其他人不知道为什么周围的气温突然回暖了点,温澈看着也没那么吓人了。
温澈低头看到云穗穗双眸已经闭上,浑身是伤,心里跟针扎似的密密地疼。
抬眼,一双猩红冰冷的眸子扫过那些倒在地上的村民,“你们,好样的。”
说完抱着云穗穗离开。
温澈现在只想赶紧把穗穗送去县卫生所。
这一路的时间恍若无限放大,温澈只觉得时间好慢好慢好慢…
/
县里卫生所。
云穗穗身上已经换上了一身干净的衣服,额头着纱布,鼻子抹了厚厚一层药膏。
温澈买了肉粥和包子回来,脑海里想着医生告诉的结果,头部震荡,身上多处淤青抓伤,头发扯掉严重。
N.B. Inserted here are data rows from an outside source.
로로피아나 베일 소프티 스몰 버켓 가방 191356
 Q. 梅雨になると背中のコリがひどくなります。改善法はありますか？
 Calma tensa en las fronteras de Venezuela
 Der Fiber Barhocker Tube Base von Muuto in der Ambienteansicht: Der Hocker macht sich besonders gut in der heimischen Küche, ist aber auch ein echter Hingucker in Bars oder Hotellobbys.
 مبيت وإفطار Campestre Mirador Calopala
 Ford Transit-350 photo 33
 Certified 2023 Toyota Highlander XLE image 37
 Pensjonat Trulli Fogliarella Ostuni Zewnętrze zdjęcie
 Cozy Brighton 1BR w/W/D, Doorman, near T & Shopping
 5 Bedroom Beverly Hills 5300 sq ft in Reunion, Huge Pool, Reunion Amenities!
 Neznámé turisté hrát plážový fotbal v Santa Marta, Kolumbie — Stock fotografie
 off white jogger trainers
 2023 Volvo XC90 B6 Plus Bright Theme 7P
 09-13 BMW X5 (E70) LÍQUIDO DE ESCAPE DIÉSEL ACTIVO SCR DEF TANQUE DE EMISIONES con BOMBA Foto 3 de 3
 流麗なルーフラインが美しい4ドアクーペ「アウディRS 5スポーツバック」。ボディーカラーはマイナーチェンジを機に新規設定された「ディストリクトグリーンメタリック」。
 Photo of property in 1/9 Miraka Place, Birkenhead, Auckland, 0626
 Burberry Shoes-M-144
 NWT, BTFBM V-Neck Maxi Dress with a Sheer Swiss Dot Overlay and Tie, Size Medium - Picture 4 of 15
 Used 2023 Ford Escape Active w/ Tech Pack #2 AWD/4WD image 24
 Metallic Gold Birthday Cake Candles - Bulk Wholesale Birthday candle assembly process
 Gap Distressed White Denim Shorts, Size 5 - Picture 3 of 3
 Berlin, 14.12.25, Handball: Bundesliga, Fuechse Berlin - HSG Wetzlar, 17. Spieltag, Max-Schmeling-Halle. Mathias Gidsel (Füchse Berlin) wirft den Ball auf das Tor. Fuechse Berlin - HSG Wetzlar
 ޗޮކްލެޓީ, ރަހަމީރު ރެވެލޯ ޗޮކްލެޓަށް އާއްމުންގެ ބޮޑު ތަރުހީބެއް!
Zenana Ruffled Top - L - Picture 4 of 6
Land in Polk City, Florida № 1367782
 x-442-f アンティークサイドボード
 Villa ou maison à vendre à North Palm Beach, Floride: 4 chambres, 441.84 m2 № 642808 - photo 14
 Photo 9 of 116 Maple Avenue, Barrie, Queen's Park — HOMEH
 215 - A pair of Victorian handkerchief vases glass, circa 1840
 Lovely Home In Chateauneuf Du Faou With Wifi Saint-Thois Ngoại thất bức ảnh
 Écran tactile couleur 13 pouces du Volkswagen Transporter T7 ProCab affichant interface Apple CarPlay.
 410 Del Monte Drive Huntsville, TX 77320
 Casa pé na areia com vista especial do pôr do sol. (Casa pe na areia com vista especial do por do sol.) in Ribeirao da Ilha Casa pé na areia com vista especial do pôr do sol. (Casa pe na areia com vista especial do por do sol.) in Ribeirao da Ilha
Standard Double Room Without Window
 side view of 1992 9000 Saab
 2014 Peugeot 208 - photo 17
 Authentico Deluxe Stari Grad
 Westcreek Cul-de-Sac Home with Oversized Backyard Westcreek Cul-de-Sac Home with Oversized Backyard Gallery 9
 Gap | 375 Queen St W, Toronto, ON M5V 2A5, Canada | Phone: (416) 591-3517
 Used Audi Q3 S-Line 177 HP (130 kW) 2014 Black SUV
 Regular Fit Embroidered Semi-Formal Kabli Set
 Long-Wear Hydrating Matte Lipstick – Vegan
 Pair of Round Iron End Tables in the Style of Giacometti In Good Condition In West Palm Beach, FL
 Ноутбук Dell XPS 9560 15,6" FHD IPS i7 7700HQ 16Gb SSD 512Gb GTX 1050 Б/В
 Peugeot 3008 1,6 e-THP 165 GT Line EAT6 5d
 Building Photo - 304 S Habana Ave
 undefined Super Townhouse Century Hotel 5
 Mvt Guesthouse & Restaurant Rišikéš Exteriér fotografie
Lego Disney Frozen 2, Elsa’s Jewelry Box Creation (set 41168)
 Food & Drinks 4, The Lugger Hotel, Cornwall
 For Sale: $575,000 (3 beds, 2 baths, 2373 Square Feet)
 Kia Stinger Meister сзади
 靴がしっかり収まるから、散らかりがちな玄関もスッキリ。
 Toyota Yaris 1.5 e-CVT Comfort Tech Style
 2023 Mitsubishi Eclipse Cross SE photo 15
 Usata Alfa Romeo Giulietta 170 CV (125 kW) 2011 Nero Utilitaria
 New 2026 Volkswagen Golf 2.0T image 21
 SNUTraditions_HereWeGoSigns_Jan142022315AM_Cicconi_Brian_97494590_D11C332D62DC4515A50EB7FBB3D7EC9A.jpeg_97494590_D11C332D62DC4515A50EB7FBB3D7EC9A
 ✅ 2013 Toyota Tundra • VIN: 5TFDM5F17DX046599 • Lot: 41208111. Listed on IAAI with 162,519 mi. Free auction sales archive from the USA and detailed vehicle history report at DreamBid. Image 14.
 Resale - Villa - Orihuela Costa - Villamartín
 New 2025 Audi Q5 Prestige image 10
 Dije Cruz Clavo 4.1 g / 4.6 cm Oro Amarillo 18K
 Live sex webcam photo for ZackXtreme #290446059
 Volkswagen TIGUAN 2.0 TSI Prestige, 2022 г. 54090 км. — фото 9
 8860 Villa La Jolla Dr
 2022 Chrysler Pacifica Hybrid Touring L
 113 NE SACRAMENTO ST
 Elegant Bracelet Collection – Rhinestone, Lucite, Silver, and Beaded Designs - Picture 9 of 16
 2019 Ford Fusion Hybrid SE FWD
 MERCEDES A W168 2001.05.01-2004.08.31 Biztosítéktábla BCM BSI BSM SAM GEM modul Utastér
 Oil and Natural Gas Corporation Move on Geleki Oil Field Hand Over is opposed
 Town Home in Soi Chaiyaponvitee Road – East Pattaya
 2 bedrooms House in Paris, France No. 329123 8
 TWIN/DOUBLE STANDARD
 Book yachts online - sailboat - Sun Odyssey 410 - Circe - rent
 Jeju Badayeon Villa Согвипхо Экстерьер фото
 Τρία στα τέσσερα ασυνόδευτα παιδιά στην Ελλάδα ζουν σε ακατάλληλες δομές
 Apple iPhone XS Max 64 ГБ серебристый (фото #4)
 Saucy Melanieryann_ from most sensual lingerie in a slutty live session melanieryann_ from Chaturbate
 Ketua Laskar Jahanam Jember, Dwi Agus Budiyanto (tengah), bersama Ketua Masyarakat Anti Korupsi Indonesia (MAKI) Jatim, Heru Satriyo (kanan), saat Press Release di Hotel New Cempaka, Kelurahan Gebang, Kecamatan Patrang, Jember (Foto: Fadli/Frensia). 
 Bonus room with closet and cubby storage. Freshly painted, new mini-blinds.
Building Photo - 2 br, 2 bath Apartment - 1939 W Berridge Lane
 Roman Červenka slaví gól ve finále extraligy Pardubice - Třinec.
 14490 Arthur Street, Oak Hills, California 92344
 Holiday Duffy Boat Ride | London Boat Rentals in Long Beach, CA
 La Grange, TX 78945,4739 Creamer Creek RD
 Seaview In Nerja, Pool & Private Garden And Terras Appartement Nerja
若是他今天不去上山砍树想多挣点额外钱,就不会让穗穗一个人面对。
心里自责与内疚在看到病床上依旧昏迷不醒的穗穗时达到顶峰。
温澈眼底寒芒涌动,他恨不得把那些人全部一个个按在土里。
夜里。
温澈不吃不喝,除了必要的活动都没有动作,紧紧守在床边。
一直到清晨见晓。
云穗穗都没有一点动静。
温澈拿起云穗穗的手握在手心,
“穗穗,你什么时候醒?”
他在床边又坐了很久,才关门出去给穗穗买早饭,万一穗穗醒来没吃的要饿了。
温澈回到卫生院时,手里提着清淡白粥,豆浆,还有一份红烧肉。
穗穗爱吃红烧肉,闻到味道肯定会醒来。
还未走近,就听到云穗穗所在病房里传来的嘈杂声。
温澈心里顿感不妙,撒腿子跑去。
刚到病房门外,就看到云穗穗手背的输针管被粗鲁拔下,浑身湿淋淋,还被强硬从床上扯下来,一脚踢在小腿,膝盖不受控猛烈撞在地面发出闷响。
“你们在干什么!”温澈声音冷得吓人。
房里的人齐齐转头,看到温澈那如寒冬冷肃的眼神有一瞬间害怕,但想到今天他们是有理方不带怕的。
温澈冲向人群被人拦住,他把拦的人打趴。
为首的人冷冷出声威胁道:“再捣乱连你一起抓。”
温澈根本不在乎,不要命地往里冲,挡在云穗穗的前面。
锋利冷硬的面容,猩红冷厉的眼眸带着同归于尽的决绝,死死盯着眼前的一位位,青筋暴起的拳头立在胸前。
大家都被温澈的狠劲吓到了。
温澈之前打人他们是见识过的,但是想到自己人多有理,心里那生起的怯意换成震怒。
“无法无天了!”随着话音落下外边涌进来一群红袖子。
“温澈,乖~。”
云穗穗缓过了那股意识混沌晕眩劲,及时叫住温澈。
温澈闻声及时收手,猛地看向云穗穗,心里涌上酸涩刺激着眼眶泛起水光。
像委屈乞怜的大狗狗终于听到了主人的声音。
他真的好害怕。
可是他如此呵护如此害怕再也醒不过来的人,却遭到这样非人的对待。
两个领头人见云穗穗识趣,心中得意指挥道:“大家伙还愣着干什么,抓起,带走!”
“慢着。”
云穗穗声音虚弱却不失气势,神态不见慌张,滴着水的头发、苍白无血色脸蛋,不见狼狈,反而惹人怜惜。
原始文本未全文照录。